Activity: In the records below, the relevant part opens with the line containing "Hi folks, welcome" and closes with the line containing "After the wire"; print that part exactly and only, without its pictures.

(Listed records begins)

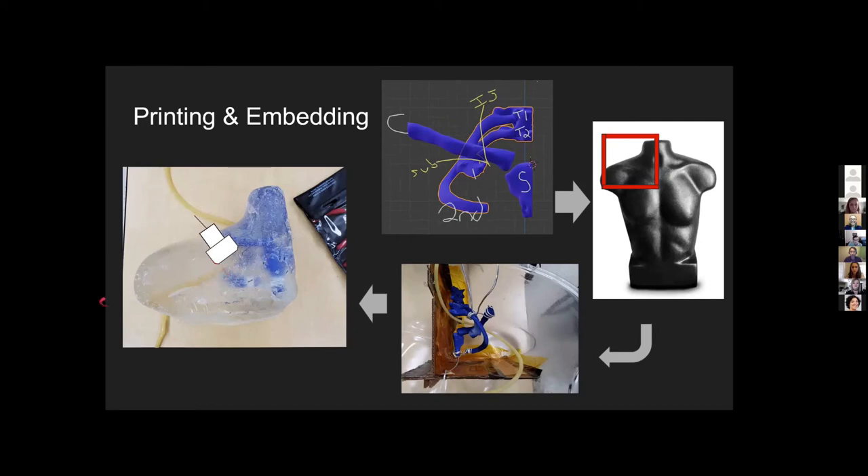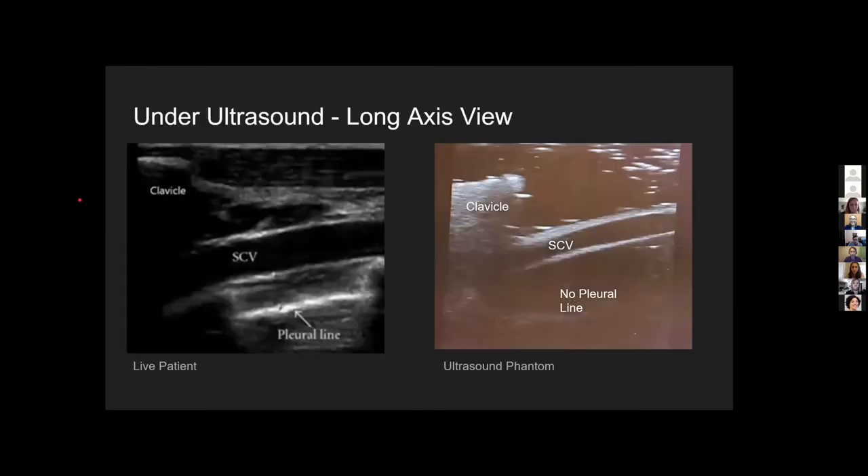A cartoon ultrasound probe shows roughly where an ultrasound probe would go when using this model. On the left is a live patient and on the right is our ultrasound phantom model. You can see the subclavian vein in the long axis coming through both models at approximately the same angle and in the same relationship with the clavicle. One big thing we wanted to include but couldn't fit was the pleural line — a major complication with this procedure is piercing through the subclavian vein and hitting the pleura, but the depth of the model made it so you couldn't see anything roughly below the subclavian vein.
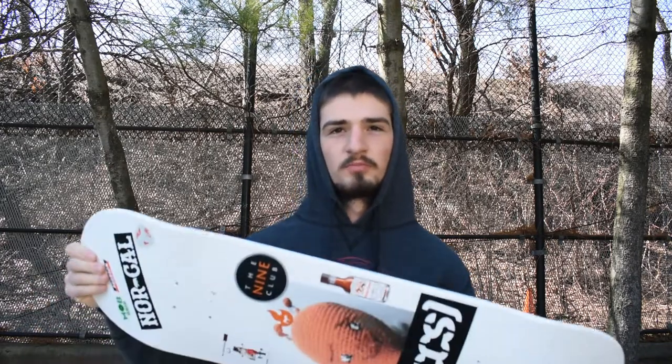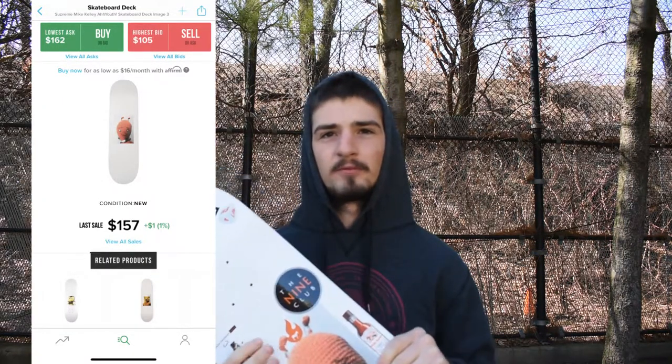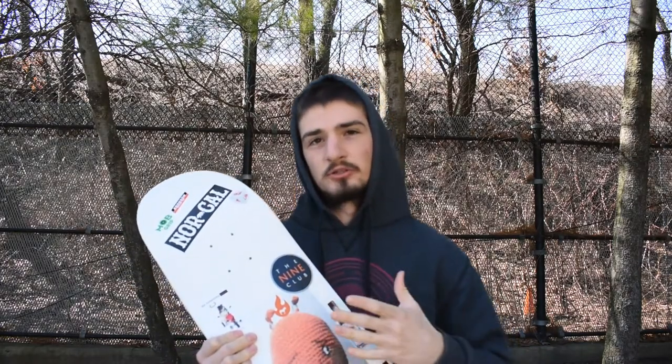I'm here with a new board setup — this is my very first Supreme board I've ever going to skate. When I checked the price it was about $110, most people buy for $150 retail. When the first Supreme board was sold it was like $88, now it's reselling for $150. I found this board and I'm just going to skate it, not resell it.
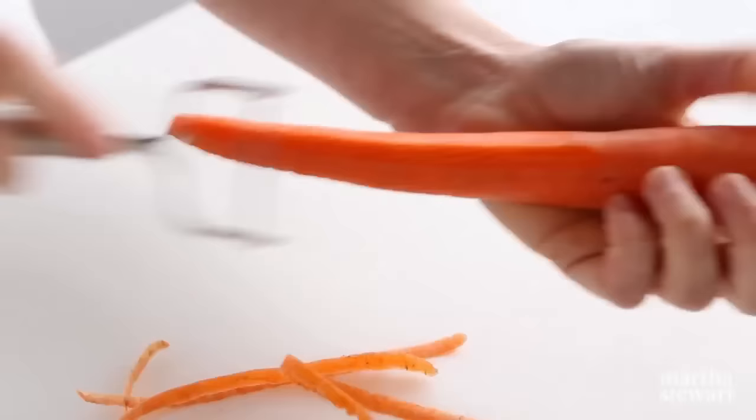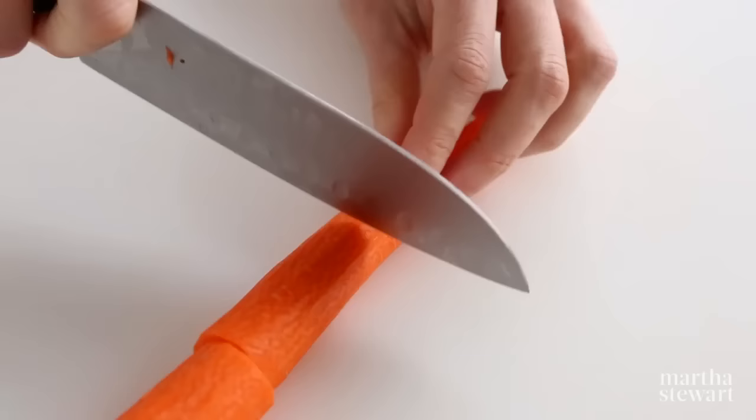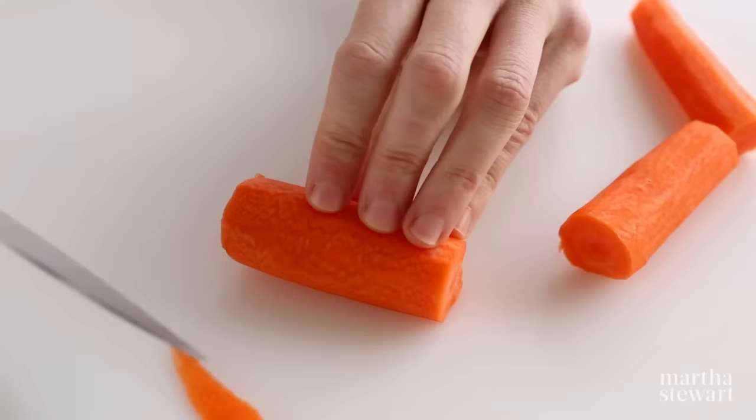How to julienne a carrot. Peel your carrot and trim the ends. Cut crosswise into even lengths. Thinly slice from one side to create a flat surface to prevent the carrot from rolling.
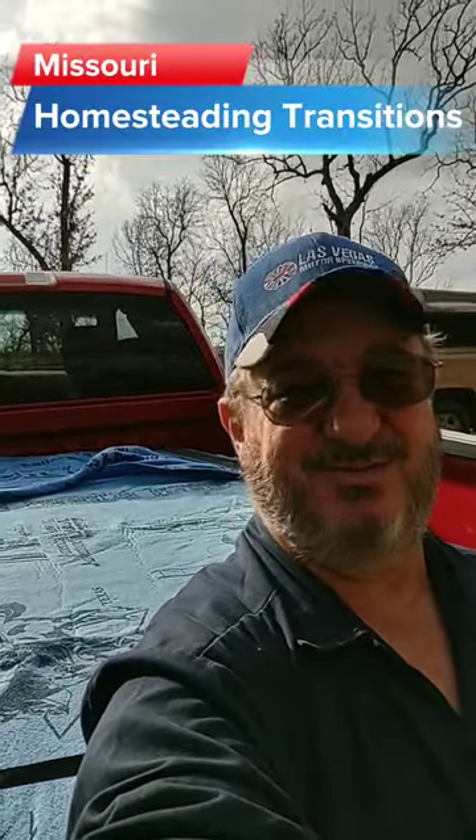Hi folks, welcome to another episode of Missouri Homestead Transitions. Welcome to my two-part series on insulating the cabin underneath the floor. I have a major problem with condensation buildup, especially when it's cold outside, where the floors — just water appears, puddles — and we're talking puddles. It's not good for the cabin.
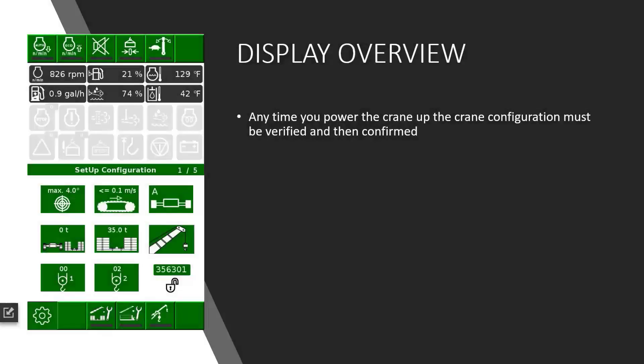Welcome to the Mantua Garage. Today's video is part 3, explaining the display features of the Syncon displays used on our Grove GHC models. We'll walk through the setup features, because anytime you power the crane up, you have to confirm the crane's configuration. Even if no adjustments are needed, you still need to walk through the windows and view the settings to make sure they are set correctly for safety purposes.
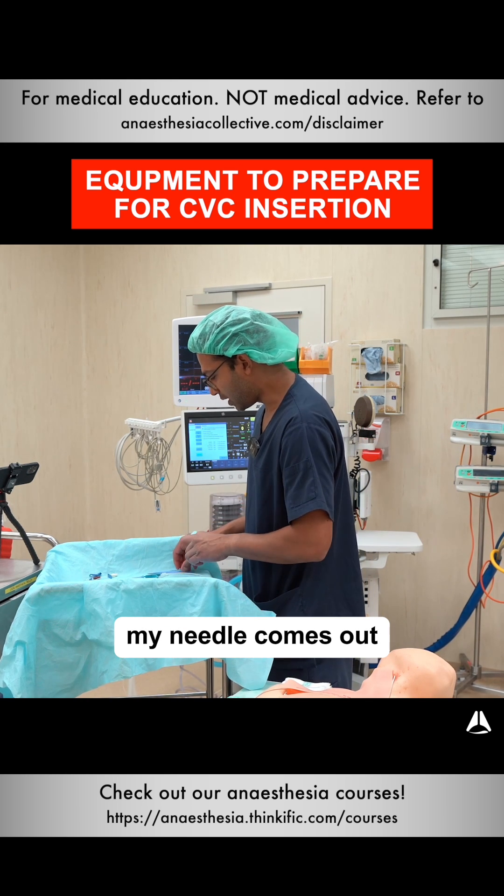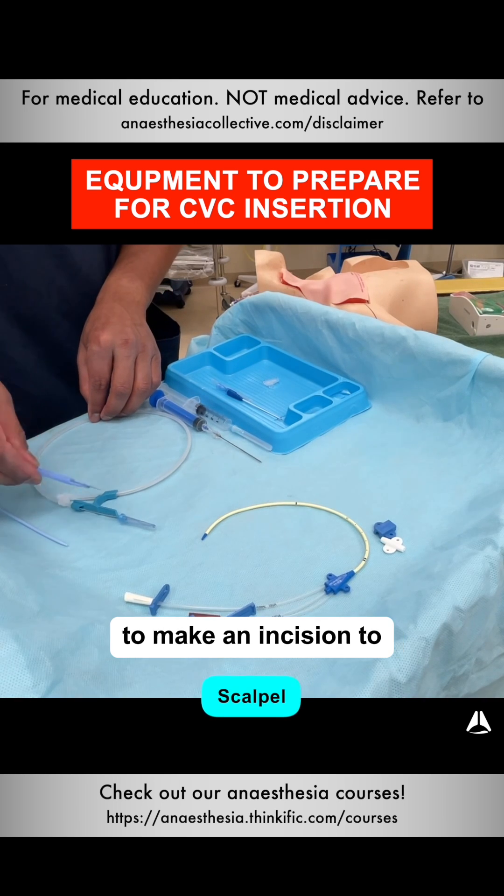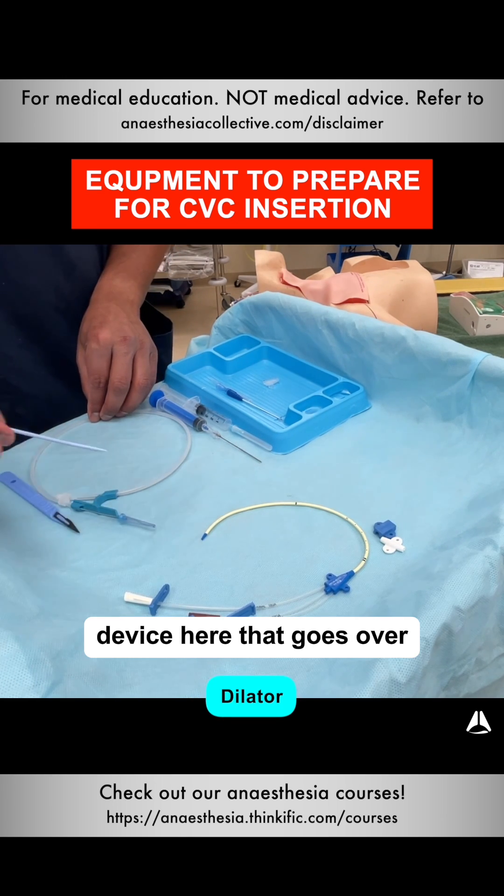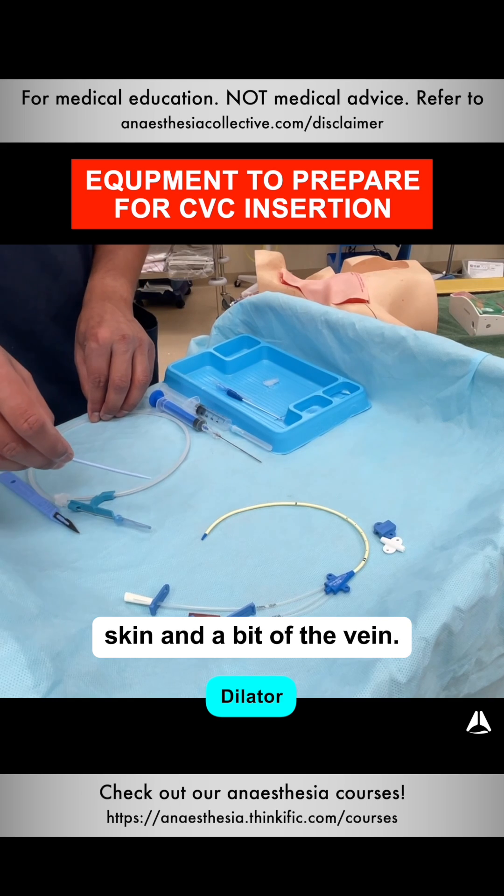After the wire goes in, my needle comes out and then I use a scalpel to make an incision to widen the skin incision. I then dilate with this device here that goes over the wire and dilates the skin and a bit of the vein.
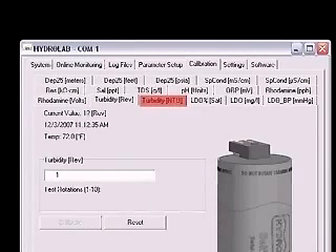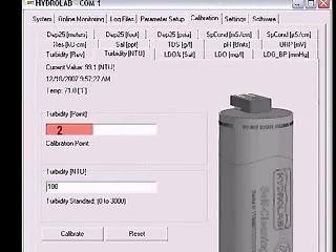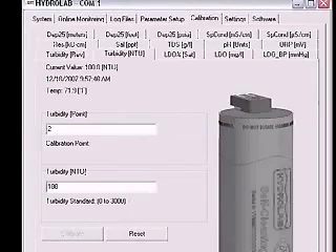Now click on the Turbidity NTU tab. In the box labeled Turbidity Point, enter 2. In the box labeled Turbidity NTU, type the labeled value of the standard. When the readings at the top of the page are stable, click Calibrate. Click the OK button in the Calibration Successful window. The self-cleaning turbidity sensor is now calibrated.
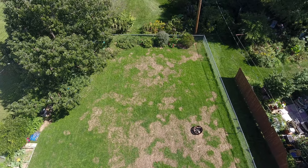I overseeded my backyard and I'm working on a video with that process, but it's been three weeks. Most of the lawn looks really lush and full. However, there are areas in the middle of the lawn, as you can see by this drone footage, that just haven't filled in.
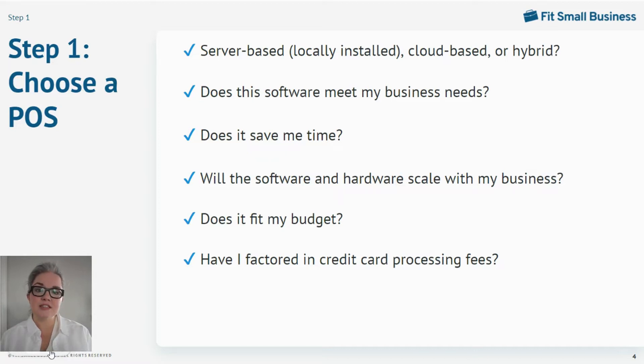If you choose a cloud-based POS that runs on iPads, then you can generally self-install. And sometimes simple hybrid installations can also be self-installed with some guidance from your POS provider. But server-based, locally installed systems are locally networked through Ethernet connections and generally all require professional installation. So keep that in mind.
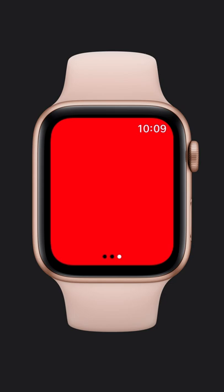After you choose a flashlight, rotate your wrist away from you to brighten the screen. Light your way.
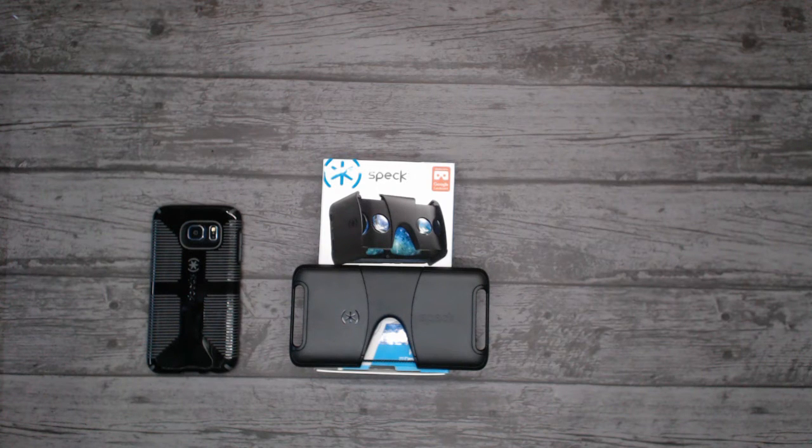I think that pretty much covers it. Do remember to sign up to our weekly newsletter where we're going to be giving away headsets each and every week — the link is in the description box below. Thanks for watching, and if you'd like to see more unboxing videos please do subscribe.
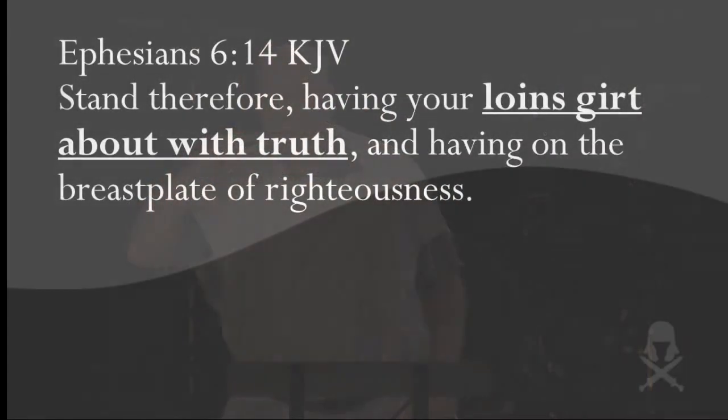The same holds true for the armor of God. The loin belt is one of the most important pieces — if not the most important. Turn back to Ephesians 6:14: 'Stand therefore, having your loins girt about with truth.' You're to gird your loins with truth — that's why it's called the loin belt of truth. But what is truth? Jesus said in John 17:17 that God's Word is truth. So the loin belt is God's Word.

(Listed records ends)

Solution for this exercise:
Hi folks, welcome to another episode of Missouri Homestead Transitions. Welcome to my two-part series on insulating the cabin underneath the floor. I have a major problem with condensation buildup, especially when it's cold outside, where the floors — just water appears, puddles — and we're talking puddles. It's not good for the cabin.
Welcome to the Mantua Garage. Today's video is part 3, explaining the display features of the Syncon displays used on our Grove GHC models. We'll walk through the setup features, because anytime you power the crane up, you have to confirm the crane's configuration. Even if no adjustments are needed, you still need to walk through the windows and view the settings to make sure they are set correctly for safety purposes.
After the wire goes in, my needle comes out and then I use a scalpel to make an incision to widen the skin incision. I then dilate with this device here that goes over the wire and dilates the skin and a bit of the vein.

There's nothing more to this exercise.